Segmentation of Maya hieroglyphs through fine-tuned foundation models
FNU Shivam, Megan Leight, Mary Kate Kelly, Claire Davis, Kelsey Clodfelter, Jacob Thrasher, Yenumula Reddy, Prashnna Gyawali
TL;DR
This work tackles segmenting Maya hieroglyph blocks, a challenging task due to noise and limited labeled data. It evaluates Segment Anything (SAM) as a baseline and introduces Finetuned-SAM by freezing the image and prompt encoders and training the mask decoder on expert-annotated glyph masks derived from Kerr's Maya Vase Database.
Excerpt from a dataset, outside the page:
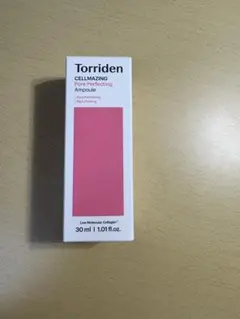 トリデン 美容液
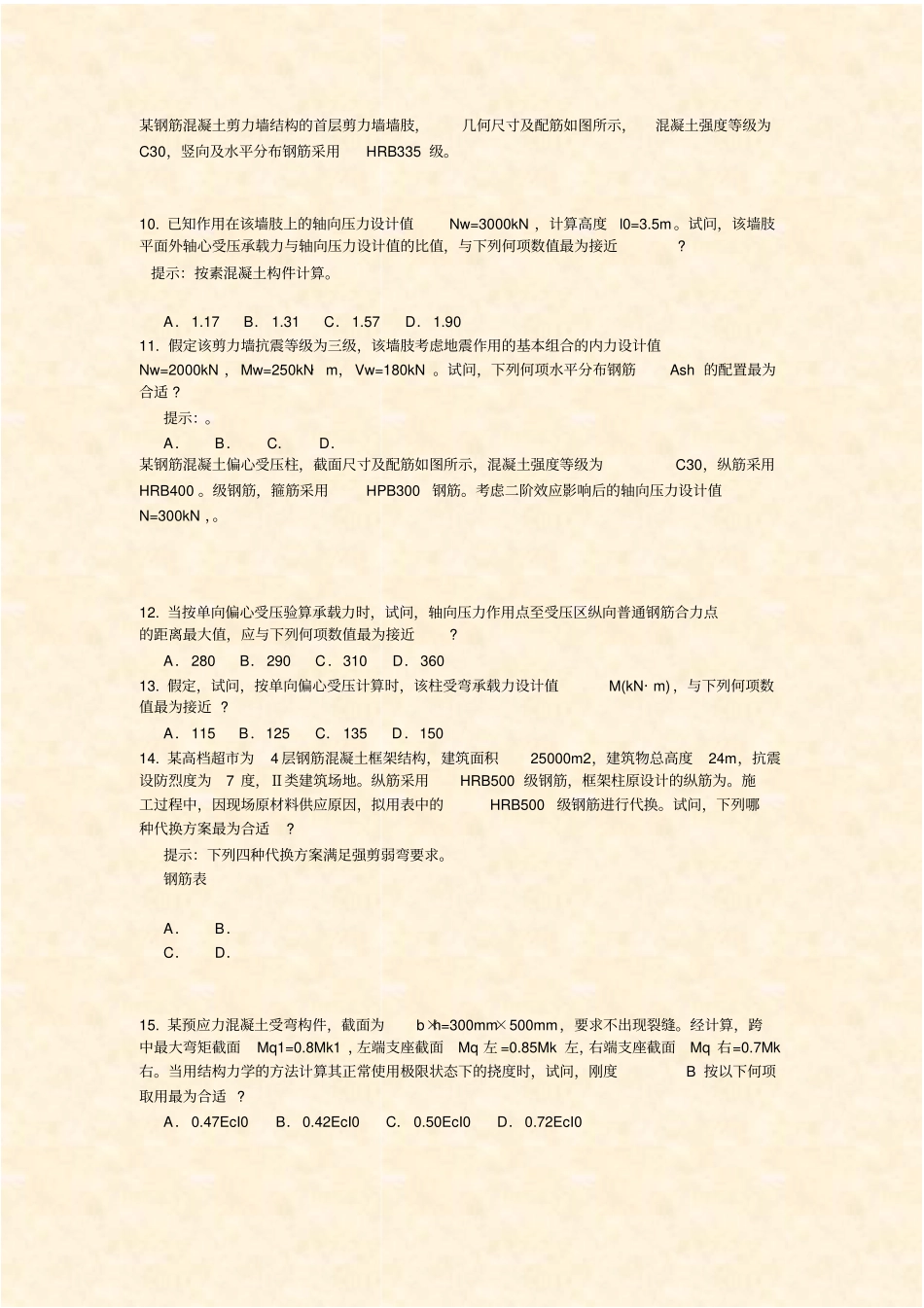 一二级注册结构工程师专业部分-15_真题-无答案_第3页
The training employs a combined loss $L = \alpha L_{CE} + \beta L_{Dice}$ with equal weights, across $300$ epochs and $1\times 10^{-3}$ learning rate, achieving superior segmentation performance compared to off-the-shelf SAM and traditional baselines. The results demonstrate substantial gains in IoU and Dice metrics, validating the value of expert annotations and domain-specific fine-tuning for ancient-script segmentation, with plans to open-source the dataset for broader access and future research. This work advances the accessibility of Maya inscriptions to researchers and heritage communities, potentially aiding decipherment and public engagement.
Abstract
The study of Maya hieroglyphic writing unlocks the rich history of cultural and societal knowledge embedded within this ancient civilization's visual narrative. Artificial Intelligence (AI) offers a novel lens through which we can translate these inscriptions, with the potential to allow non-specialists access to reading these texts and to aid in the decipherment of those hieroglyphs which continue to elude comprehensive interpretation. Toward this, we leverage a foundational model to segment Maya hieroglyphs from an open-source digital library dedicated to Maya artifacts. Despite the initial promise of publicly available foundational segmentation models, their effectiveness in accurately segmenting Maya hieroglyphs was initially limited. Addressing this challenge, our study involved the meticulous curation of image and label pairs with the assistance of experts in Maya art and history, enabling the fine-tuning of these foundational models. This process significantly enhanced model performance, illustrating the potential of fine-tuning approaches and the value of our expanding dataset. We plan to open-source this dataset for encouraging future research, and eventually to help make the hieroglyphic texts legible to a broader community, particularly for Maya heritage community members.